Now I was the one who laughed a real laugh. “Wow, I’m so the last person to think that you’re a freak for learning about math with one of your parents. And you would have been really sorry if you’d pretended not to know what sine and cosine are. I’m the worst teacher.”

“Me too!” Amanda’s voice was a shout, and she put her hand over her mouth. “Me too,” she repeated, whispering this time. “I can never explain how I got my answers on tests. I just … I see them. Teachers are always accusing me of cheating.” She practically glowed with pleasure.

“That used to happen to me!” I said, almost as loudly as she’d spoken before. And then we were both laughing, like being accused of cheating on a math test was the funniest thing that could ever happen.

Amanda stopped laughing first and gave me a look that lasted so long I started to get weirded out. “What?” I asked, rubbing under my nose self-consciously. Did I have a horrible embarrassing something?

“Do you ever get a feeling about the future?” she asked. Her eyes were enormous—a deep, storm-cloud gray that I would later learn changed color with the light.

“What, you mean, like, ESP?” My nose felt clean, and I put my hand down.

“Not exactly,” she said, gently tapping the tip of her pen against her top lip. “More like the sense that something is destined.”

“Um …” Okay, this was getting a little intense. A second ago we’d been joking about math tests and now we were suddenly onto destiny?

Amanda didn’t seem to mind that I wasn’t answering her. She leaned forward and touched me lightly on the shoulder with her pen. “It’s you,” she said.
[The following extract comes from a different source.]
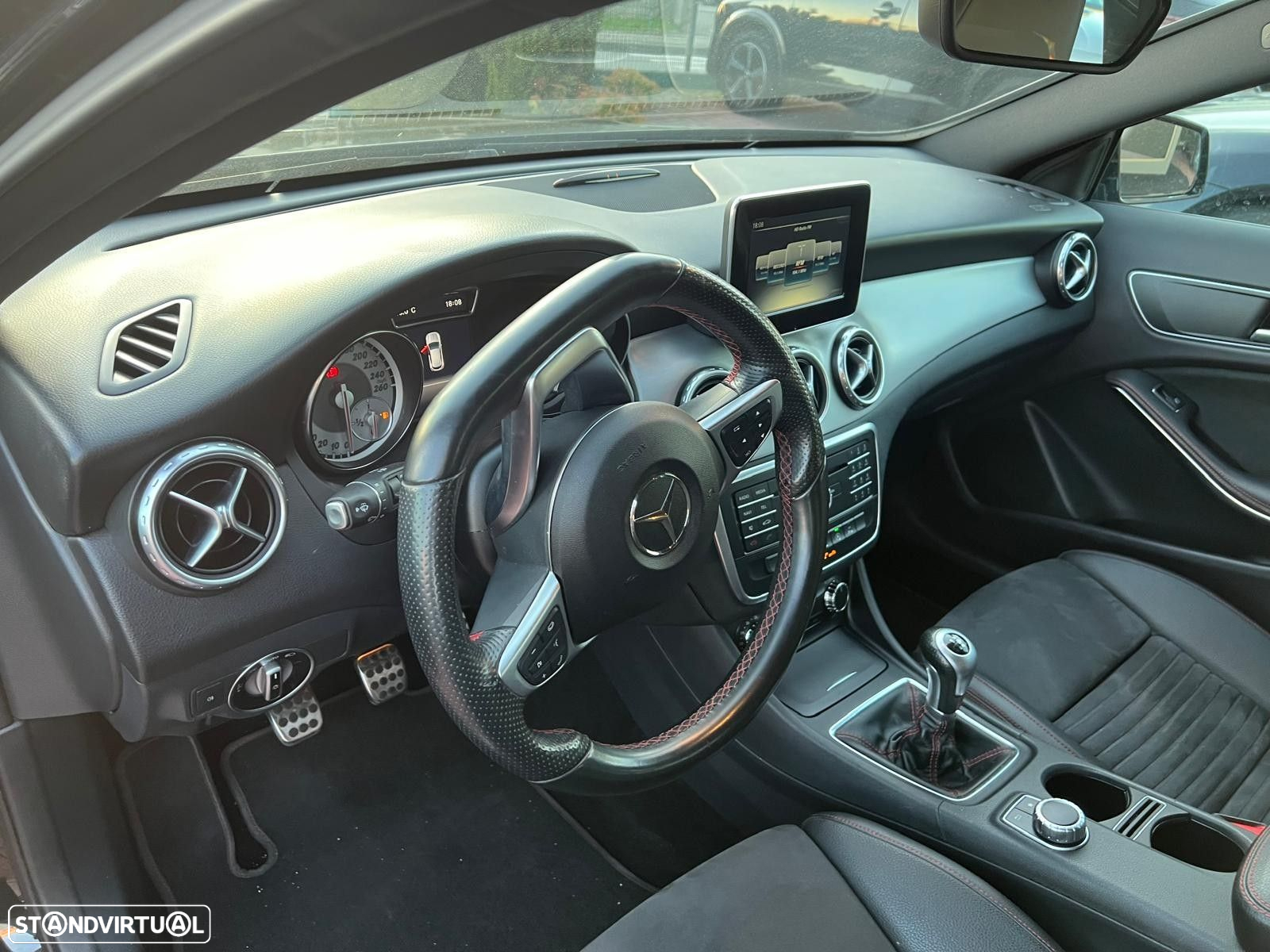 Mercedes-Benz GLA 180 CDi AMG Line - 12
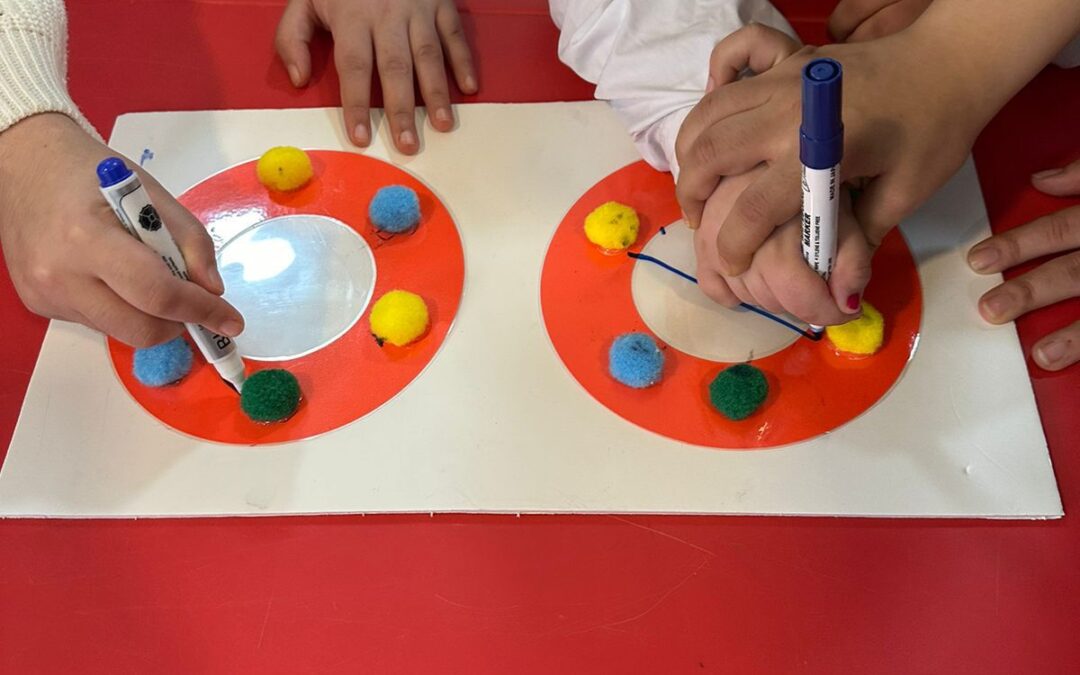 تنمية القطيف تشارك باليوم العالمي للأشخاص ذوي الإعاقة في مركز زهور المستقبل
“What?” I said, not sure how to communicate to her that she was starting to freak me out.

Oblivious to my monosyllabic, unenthusiastic response, and with a sure smile on her face, she exhaled, leaned back against the wall, and closed her eyes. “You’re going to be my guide.” Her voice was quiet.
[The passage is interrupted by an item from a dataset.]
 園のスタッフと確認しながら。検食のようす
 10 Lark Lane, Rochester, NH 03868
Even though I had no idea what Amanda was talking about, I felt my heart pounding in my chest. “Your guide?” I asked, and my voice was as low as hers had been.

Amanda opened her eyes and stared straight at me. “I knew I’d find you,” she said.
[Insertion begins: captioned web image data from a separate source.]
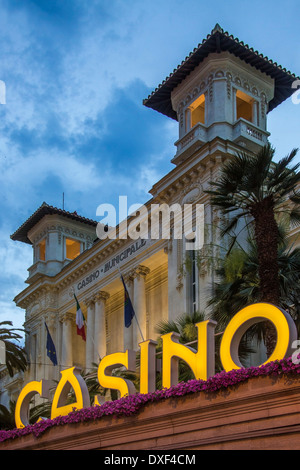 Le Casino dans la station balnéaire méditerranéenne de San Remo (Sanremo) dans la province de Imperia Sur la côte nord-ouest de l'Italie. Banque D'Images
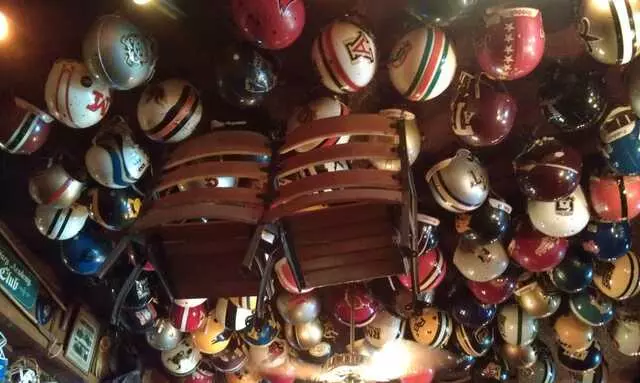Chappell’s Restaurant & Sports Museum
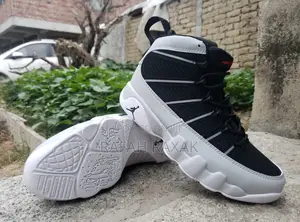 Air Jordan 9 Retro Grey/Black/White Sneakers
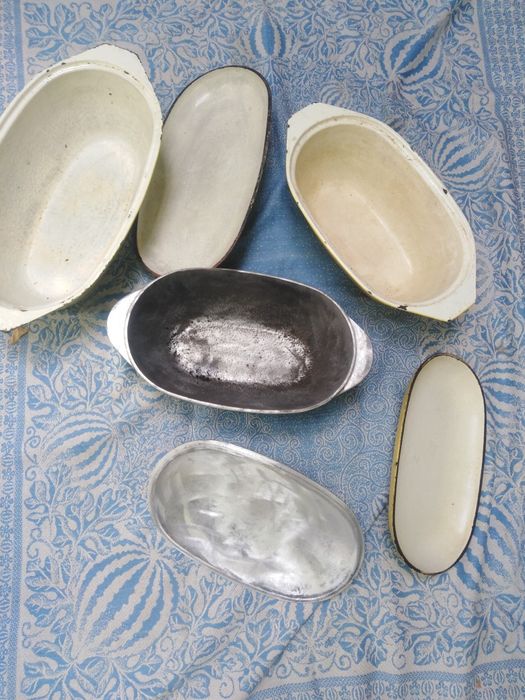 Чавун утятниця, форма для випічки хлеба.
And since I didn’t know what to say back, I didn’t say anything at all.

Occasionally a geological occurrence takes place that is so dramatic, it actually shifts the earth on its axis. A tsunami. An earthquake. If you could go into outer space and film the planet at the exact moment the event occurs, you would literally witness the world move.

I didn’t realize it at the time, but that is what meeting Amanda Valentino would be for me.

CHAPTER 8

Nia snickered when Mr. Thornhill offered us a chance to “come clean” right after we’d each picked up a bucket filled with rags, rolls of paper towels, and cleaning products piled by the door. It took me a minute to get the joke about cleaning, but I’m not sure if that was because Nia’s smarter than I am or if it’s because I was so confused by all the thoughts whirling through my head that I didn’t have room in my brain for a pun.